Task item: The lines in the listing below are to be given again exactly, starting at the line holding "Eileen Fisher Wide-sleeve" and ending at the line holding "Yacht club poster — Stockvector". Do not include pictures.

Provided data:
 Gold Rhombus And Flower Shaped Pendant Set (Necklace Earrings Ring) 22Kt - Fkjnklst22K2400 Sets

---

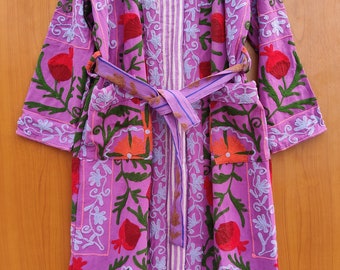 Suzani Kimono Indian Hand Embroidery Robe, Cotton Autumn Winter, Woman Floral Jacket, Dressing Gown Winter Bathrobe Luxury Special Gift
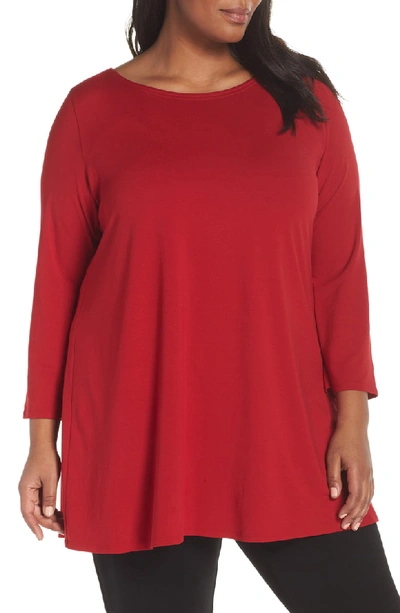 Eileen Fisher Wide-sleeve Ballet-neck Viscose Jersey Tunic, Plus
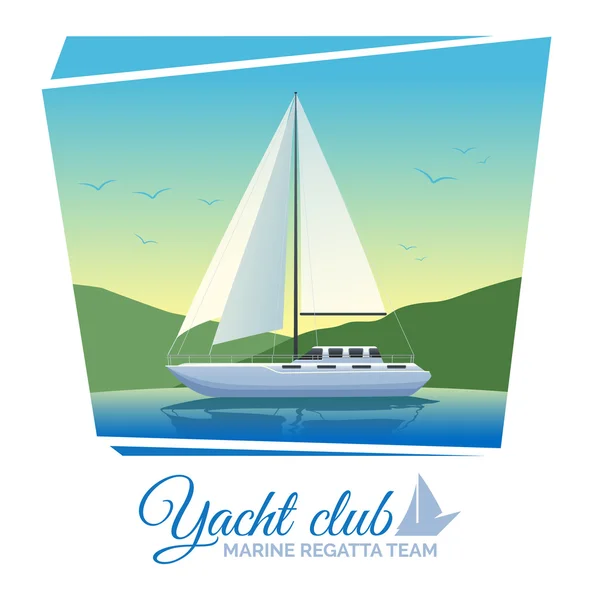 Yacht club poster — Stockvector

--

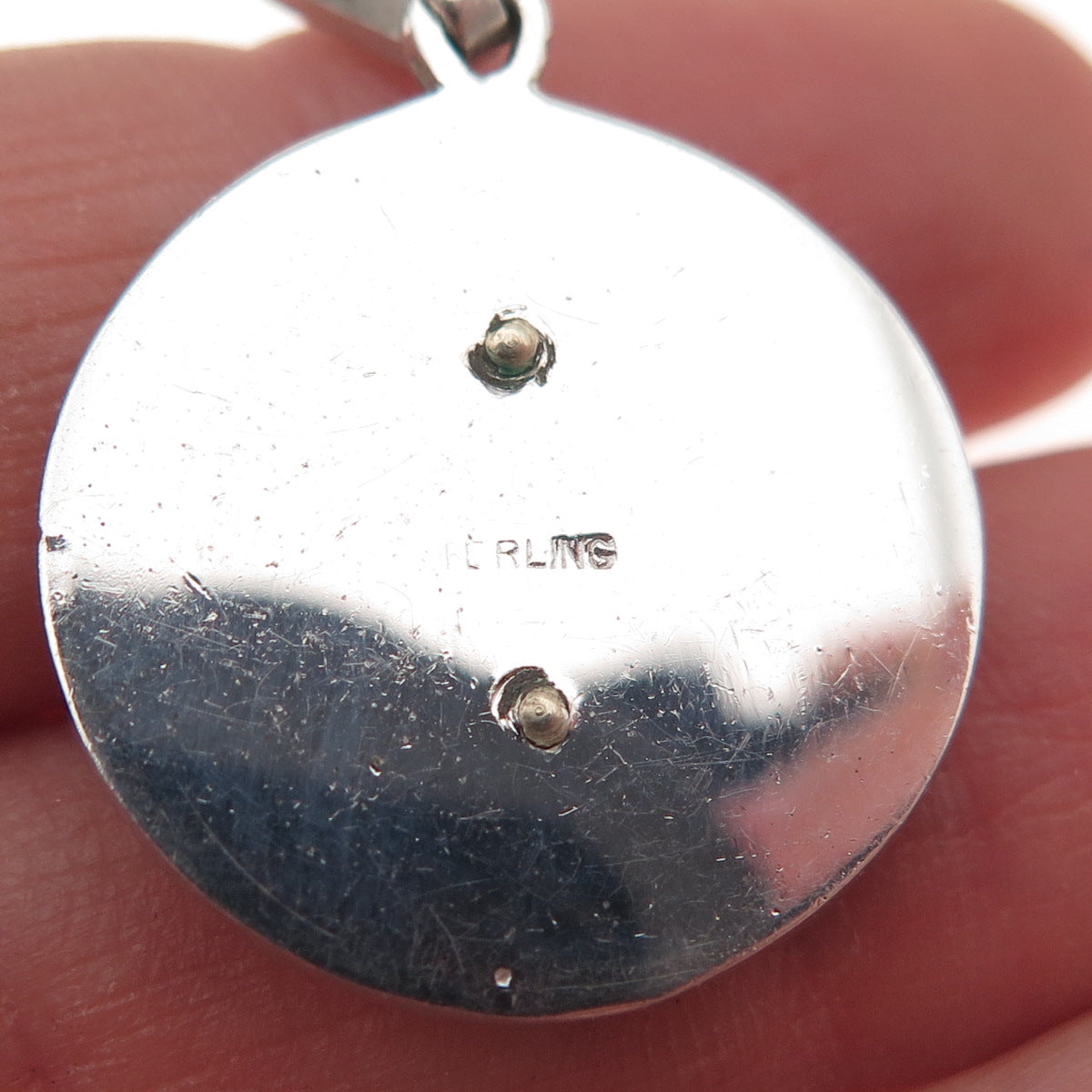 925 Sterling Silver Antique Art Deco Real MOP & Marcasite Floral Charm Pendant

Response to this exercise:
 Eileen Fisher Wide-sleeve Ballet-neck Viscose Jersey Tunic, Plus
 Yacht club poster — Stockvector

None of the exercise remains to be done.